Are you asking about the conduct of a Recce patrol?


----------



## Burrows (20 Apr 2005)

Yes,

Please do clarify.


----------



## q_1966 (21 Apr 2005)

Your section/platoon (However big it is) 
- Should only communicate using hand signals, 
Be quiet 
- stay low to the ground whenever possible
- use the ghostwalk technique
- At night, if flashlights must be used, use one with a red or blue (dark coloured) filter because when using  a bright flashlight it ruins night your night vision as well as give away your position.

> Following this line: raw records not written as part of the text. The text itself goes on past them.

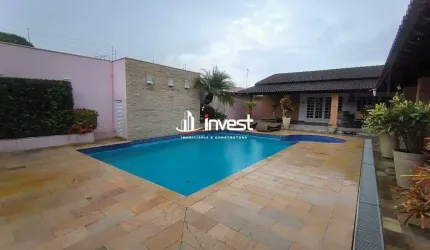 Linda casa de altíssimo padrão a venda em um bairro privilegiado.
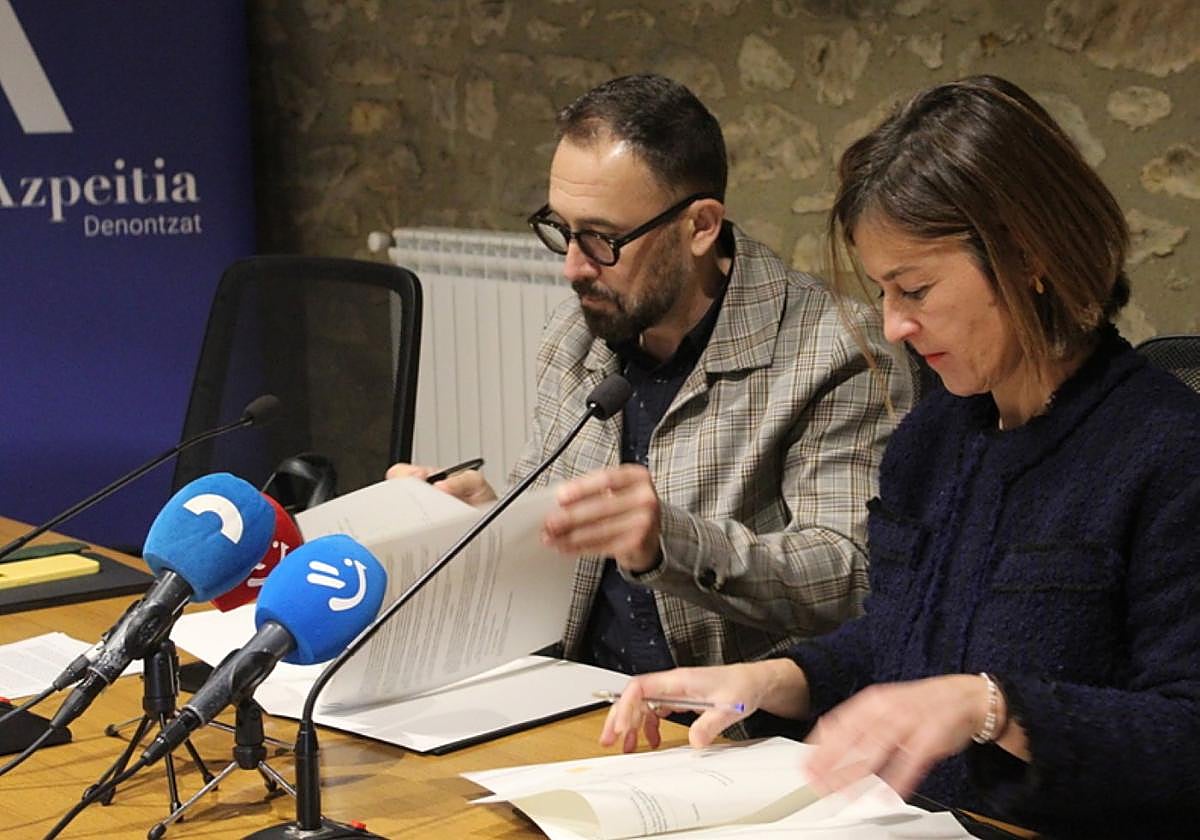 Itxaso y Alkorta firmando el convenio ayer en Basazabal.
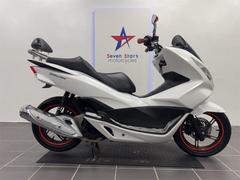 ホンダ　ＰＣＸ　ＪＦ５６モデル　ＬＥＤヘッドライト　カスタムシート　バックレスト　ＥＳＰエンジン　ハザード付き　フロントディスクブレーキ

If you dont do the above, you could get caught

Also follow the tips in here
CF Fieldcraft Manual: http://www.army.dnd.ca/ael/pubs/300-009/b-gl-392/009/FP-001/B-GL-392-009-FP-001.PDF

Is that what you wanted to know?


----------



## Chang (23 Apr 2005)

woah i didn't know they keep this online!


----------



## TCBF (23 Apr 2005)

The AEL (Army Electronic Library) - same link - will also have BTS  Battle Task Standards, so you can see patrol checklists.


"Feed Your Head"  - Grace Slick, of Jefferson Airplane, in the song "White Rabbit".


----------



## q_1966 (25 Apr 2005)

TCBF said:
			
		

> The AEL (Army Electronic Library) - same link - will also have BTS   Battle Task Standards, so you can see patrol checklists.
> 
> 
> "Feed Your Head"   - Grace Slick, of Jefferson Airplane, in the song "White Rabbit".



Heres the link for the Army Electronic Library (AEL): http://armyapp.forces.gc.ca/ael/publications_ie.asp


----------